My parents paid for a booklet of tickets in advance. The system worked well because neither Mom nor Dad had to return to the house to pay the ice man if they were in the garden or fields.
I liked to watch the ice man.
He would tell me what he was doing. At least, I think that is what he was telling me. He spoke English and I spoke the special language the Amish speak.
He would tell me what he was doing when he shoved some ice left in the box to one side so the new ice could fit in there with it. He would look at me, point to one of the ice pieces, say something, and move the ice. Everything he did he commented about, indicating an ice chunk, an ice pick, or something else he was working with, and look at me while he talked.
Sometimes he chopped a piece of ice into two so it would fit.
And sometimes, if he only had chunks larger than the ticket asked for, he chopped the large piece so a piece of the right size broke off. He had an ice chisel and an ice hammer and he always broke off the right size piece.
All the time he worked with the ice he was telling me what he was doing, or so it seemed. Maybe he was telling me about his family; I wouldn't have known, understanding only a few English words. Regardless what he was saying, it sure felt nice to have the voluntary attention of the ice man.
I still remember a one specific time the ice man came.

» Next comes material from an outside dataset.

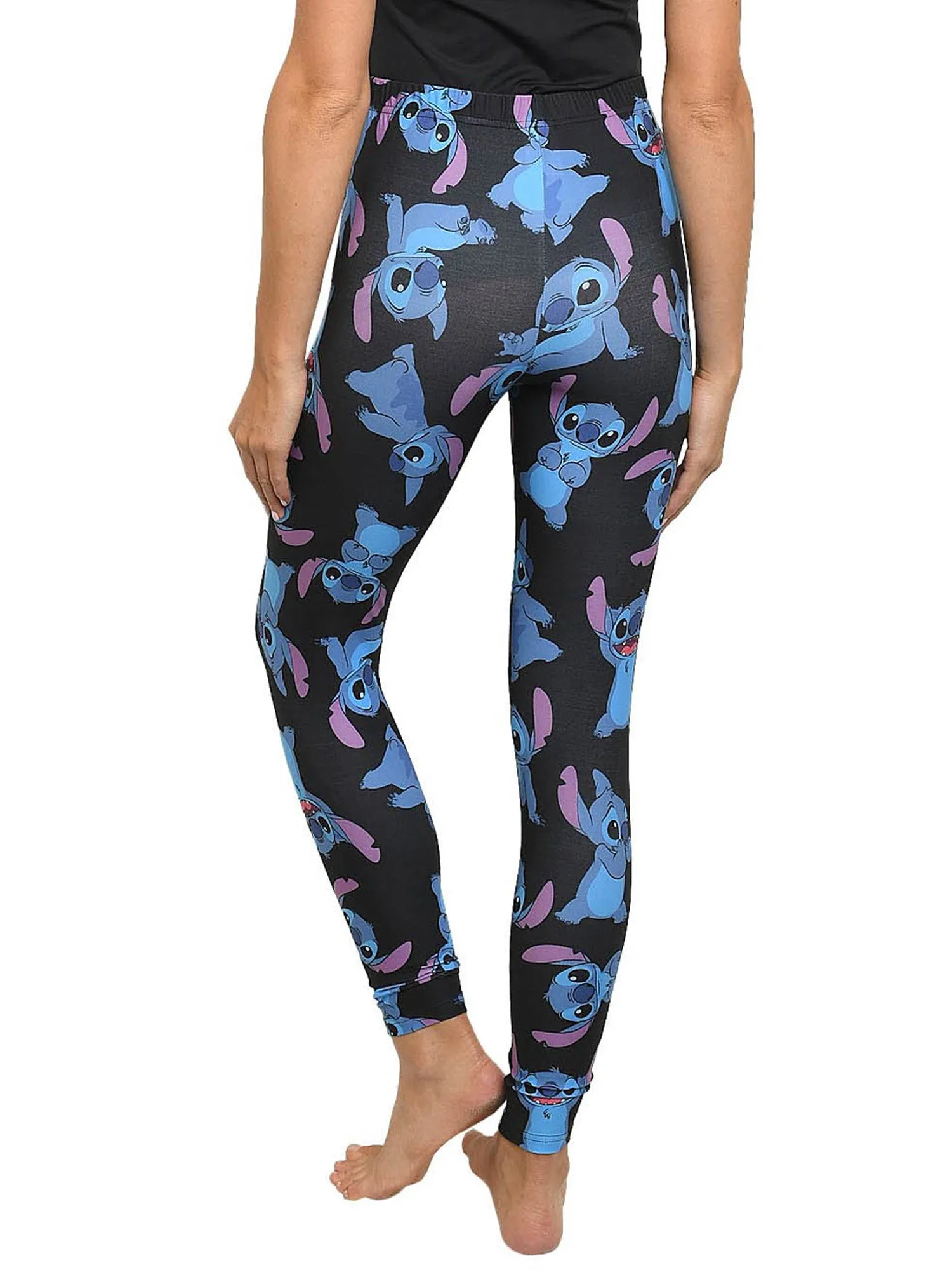 Womens Juniors Disney Stitch Leggings All Over Print Stretch Black Blue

Mom was in the garden harvesting something; I don't remember what. But it was end of Summer, the weather at night being colder. The leaves on the trees were starting to turn color.
I was on the front steps waiting for the ice man.
Mom had told me he was coming that day. It was his last trip of the summer, she said. And I wouldn't see him again until next summer.
He came. He waved at me and smiled, but he didn't say anything. Occasionally, he smiled at me while he put the ice in the ice box. But he didn't say anything.
I wondered why he wasn't talking to me like he always did before.
When he was done, he took an envelope out of his overall pocket and hung it on the handle that opened the ice compartment of the ice box.
He said something then, walked to his truck, and waved as he was driving off.
The ice man had never left an envelope on the ice box handle before. So I meandered to the garden and told Mom, "The ice man left a paper on the handle."
"On what handle, William?
"On the ice box door handle."
Mom hurried to the porch where the ice box stood. She opened the envelope, pulled out the paper, and stopped moving.
Then she said, "William, sit with me on the porch steps."
When we had seated ourselves, she said, "William, the ice man isn't coming back."
"Yes, you told me, Mom. Not until next summer."
"William, I mean he is not coming back ever."
Never coming back!
The ice man was the only non-Amish friend I had. He paid more attention to me than anybody, except for my Mom. He talked to me, even when I couldn't understand. And he never told me, "No". What was I going to do now!
I think my face contorted and crinkled up. I was about to cry. But Mom held me close.
"But the ice man was my friend."
"Yes, William, I know."
The reasons: Later in my life I got some hints about why the Ice Man was no longer coming back. The hints generally carried the theme that he simply couldn't make a living delivering ice to the Amish anymore.
The hints included that he needed to buy another delivery truck (it was a pretty old truck he was driving). Also a hint that he got a position within the ice factory itself. And a hint that his wife may have died and he no longer had zest for life.
Just hints. I never did find out the real reason.